Prospective tenants visit the public rental housing at the Xinyue apartments in Shanghai, on May 15, 2013. (Photo/Xinhua)
China will uphold long-term leasing as a cornerstone in developing the rental housing market, with a spate of policies on the way to encourage people to rent instead of buying.
The first official reference to "long-term leases" during the annual Central Economic Work Conference, which concluded on Wednesday and charted the economic development course for next year, suggested Beijing is determined to drum up support for the leasing market, experts said.
China will move faster to "put in place a housing system that ensures supply through multiple sources, provides support through multiple channels, and encourages both housing purchases and rentals", according to a statement issued after the meeting.
It also pledged to develop the housing rental market, especially long-term leases, protect the rights of concerned parties, and support the development of professional and institutional housing rental enterprises.
Such moves reflect a shift in real estate regulation from the demand side to the supply side, signaling the key role that the rental market can play in curbing home prices, said Xu Xiaole, chief analyst at the research institute of Homelink Real Estate Agency.
"In the future, 'housing problems' and 'real estate problems' would be two different concepts," Xu said. "For the low-to-mid income population, the government would strive to provide sufficient rental homes, while high-end needs will be largely met by the market."

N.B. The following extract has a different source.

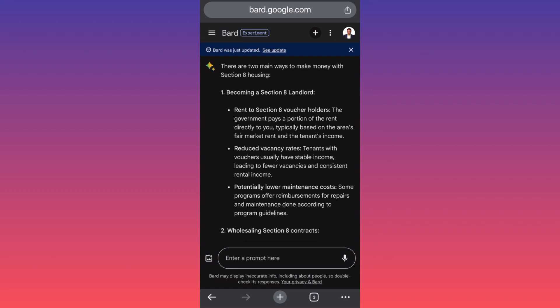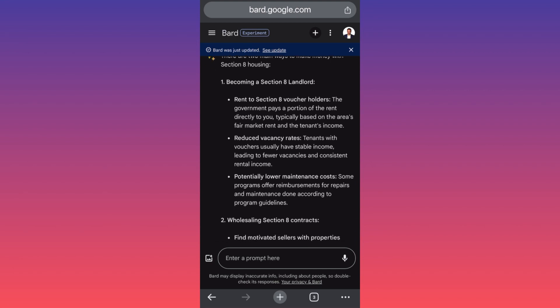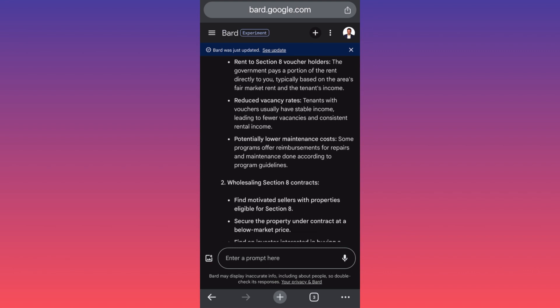Second thing is you need to have reduced vacancy rates. This is the big downside. Tenants with vouchers usually have a stable income, leading to fewer vacancies and consistent rental income. But the downside is that the government is not going to pay premium for your location.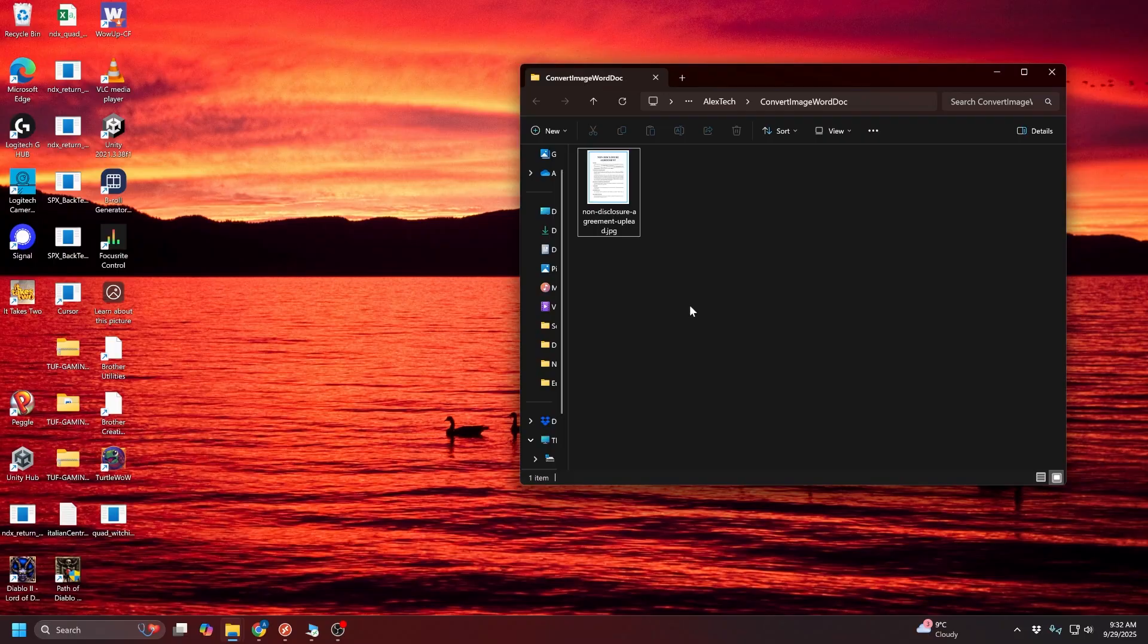Hey everyone, Alex here. In this video, I want to show you how you can take an image file and convert that into an editable Word document. Maybe you've taken a picture of some text with your phone, and now you want to import that into Word and copy it or edit it. So let's take a look.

The directive followed an initiative earlier this year to increase the allure of rental homes through the expansion of public amenities in a number of large cities, such as providing equal access to schools for tenants and homeowners.
To make rental homes an attractive alternative, it's imperative to let people benefit from reasonably-priced long-term rentals that provide a consistently sound living experience, said Liu Weimin, a researcher with the State Council Development Research Center.

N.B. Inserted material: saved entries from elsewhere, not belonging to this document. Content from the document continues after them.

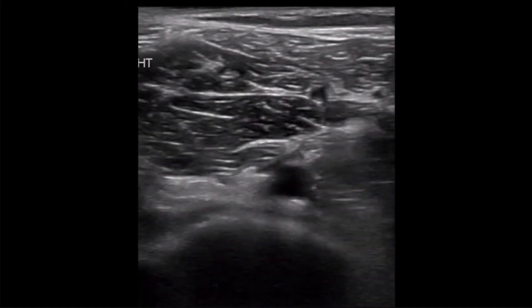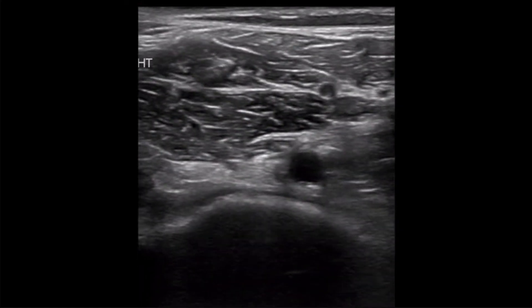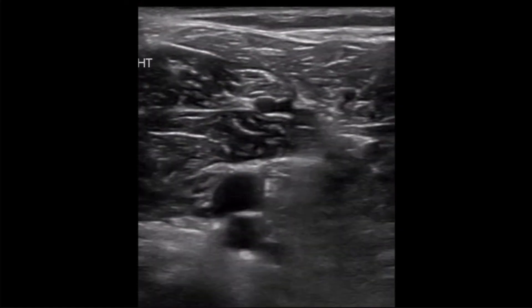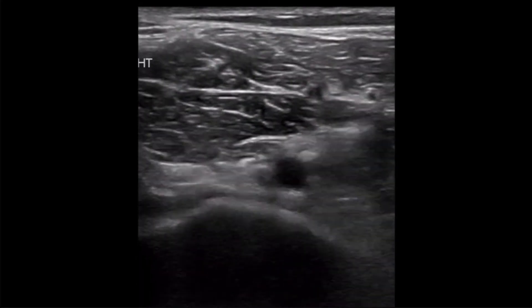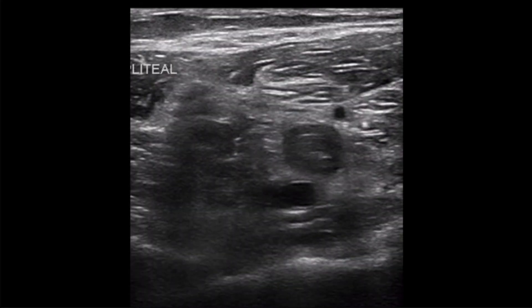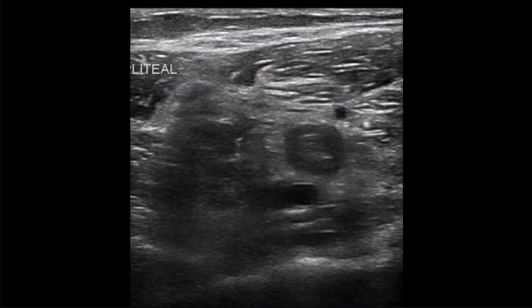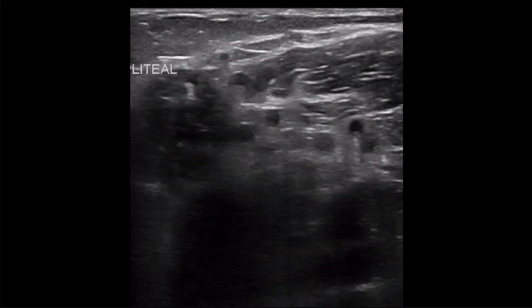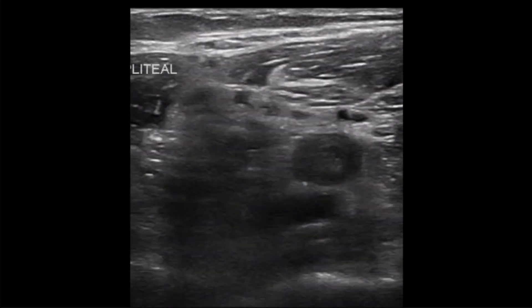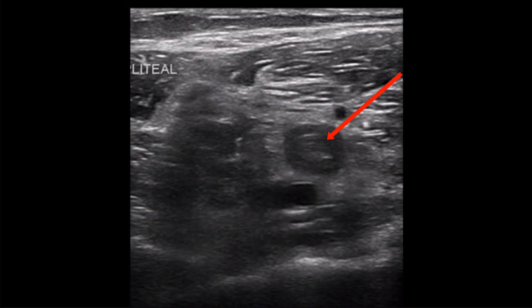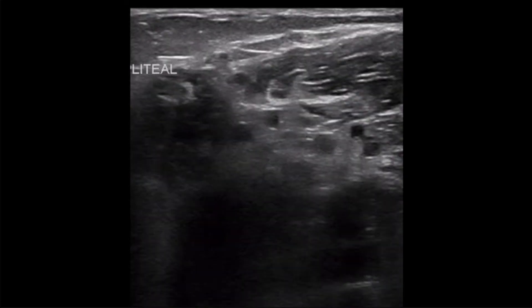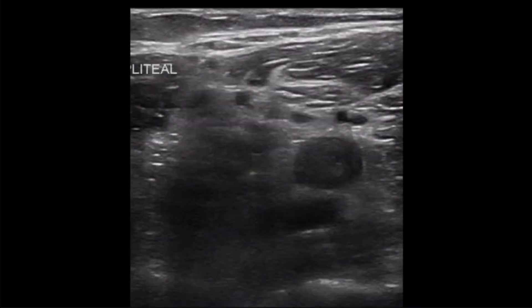Here's another clip above the level of the trifurcation showing the compressibility of the popliteal vein sitting superficial to the artery. And finally, an example showing a DVT in the popliteal vein with not only incompressibility, but also echogenic material within the lumen.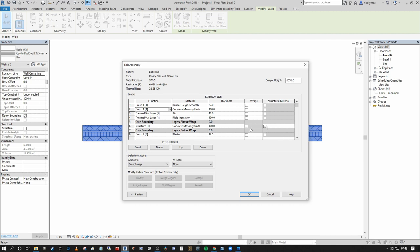Now that we understand the material function breakdown, we can meaningfully start setting up wall wrapping. The material function priorities work in combination with the core boundary — the core boundary always gets first preference. Revit will always prioritize joining the core boundary element first when walls intersect, and then proceed to assign material priorities for wrapping and joining via the layer finishes for adjacent walls.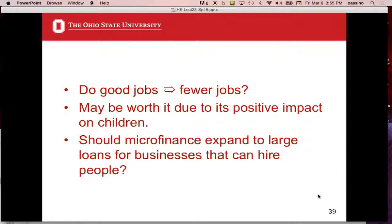Good jobs are really important. The question is: do good jobs imply fewer jobs? This is a debate that goes on in this country all the time. If you improve the quality of jobs in the sweatshop and pay each person more money, does that mean you can employ fewer people? It's similar to the debate about minimum wage in the United States. It may be worth it to have fewer good jobs because of the positive impact on children. They're willing to say take care of fewer people the best, because you're going to help their kids too.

"One option would be injecting more private capital into building pilot long-rental apartment projects that target specific groups such as skilled workers or migrants."
He predicted that upcoming reform would focus on land supply and financial options.
The continued emphasis on developing the rental market has heralded a wave of new entrants eager to capture a share of the segment.
Since the middle of this year, the country's tech giants such as Alibaba Group Holding Ltd, Tencent Holdings Ltd and JD have entered the home leasing market, creating online systems that include apartment searching, contract signing and payment.
By connecting prospective tenants with housing information, they vowed to use their troves of consumer data, online payment technology, and credit rating systems to prevent fraudulent deals and sudden rate hikes.
Spearheaded by Alibaba's Sesame Credit, China is also piloting deposit-free apartment rental in eight cities, employing algorithms that track and rate people's credit worthiness to protect both tenants and landlords.